What has HS2 ever done for us?

The open secret of the cancellation of the high-speed Manchester section of HS2 has at last been confirmed, and one of the questions now being asked is “What has the high speed train (HS2) ever done for us?” A number of our posts have considered different aspects of the project from the legal point of view, here, and below is a summary of some of the more important issues.


The HS2 publication Designing and assuring the UK’s largest ever human remains reburial programme (17 September 2020) indicates that the work on burial grounds commenced prior to 2012 with desk-based investigations for the Phase One Environmental Statement. By 2020, HS2 had part-exhumed three Church of England burial grounds in addition to over 20 individual burial sites containing human remains dating from the Bronze Age onwards[1].

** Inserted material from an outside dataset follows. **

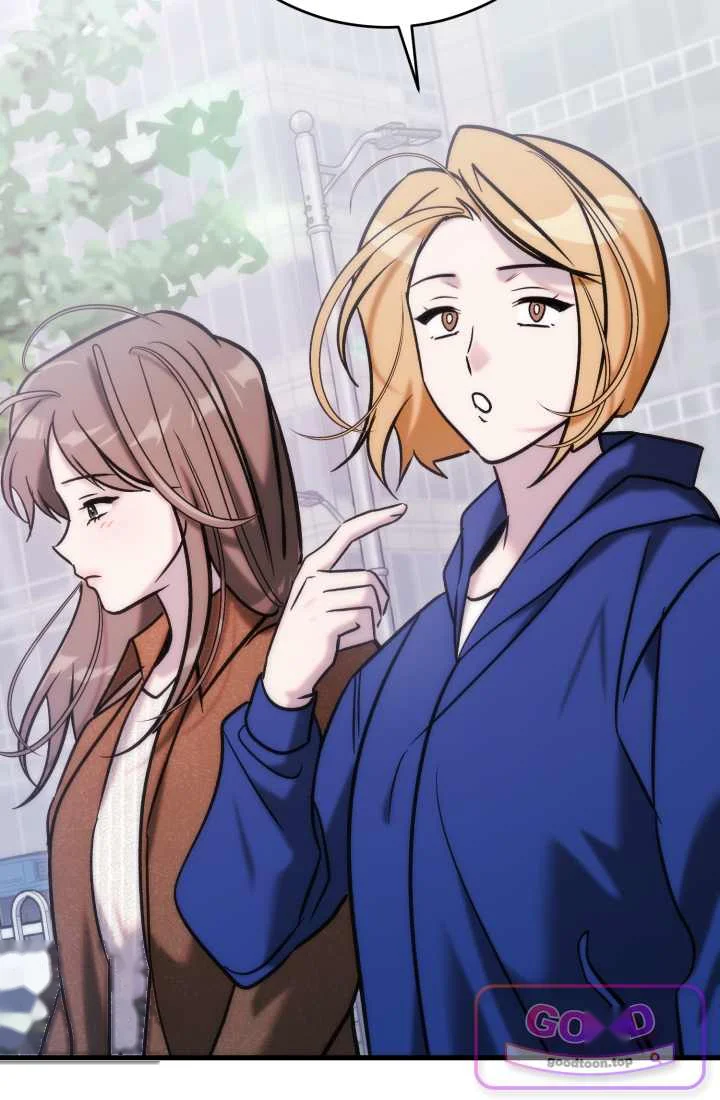 Because Its A Bed Scene Chapter 46 - Page 57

The prospect of religious groups becoming involved in the public square was raised in connection with the Transparency of Lobbying etc Bill in our posts here and here, and again in Charities, religious groups and pre-election lobbying, and after the Bill became law on 30 January 2014.

Development of the legislation

The Church of England became involved at an early stage when on 23 May 2013,  the Archbishops’ Council petitioned against the High Speed Rail (London – West Midlands) Bill, then before Parliament, since the proposed route for HS2 would pass through three burial grounds at Euston, Stoke Mandeville and Birmingham.  The Council expressed its concern that the human remains exhumed from these sites would not be “treated in a decent and reverent manner”. However, contrary to media reports, the Church made it clear that it was not opposing HS2 per se: what it is asking for is a technical change to the Bill.

On 5 July the High Speed Rail Committee Select Committee began consideration of petitions to the High Speed Rail (London – West London) Bill to which the St Pancras Parish Church Euston PCC had submitted a petition to the Committee that it was “specially and directly adversely affected by the whole Bill”. On 7 September oral evidence was presented on behalf of the PCC by the churchwarden and the vicar. Responding for the Department for Transport, James Strachan QC identified the four main topics raised by the petitioners as: memorial stones and the burial ground; trees, open spaces in general; and the potential temporary use of a play area.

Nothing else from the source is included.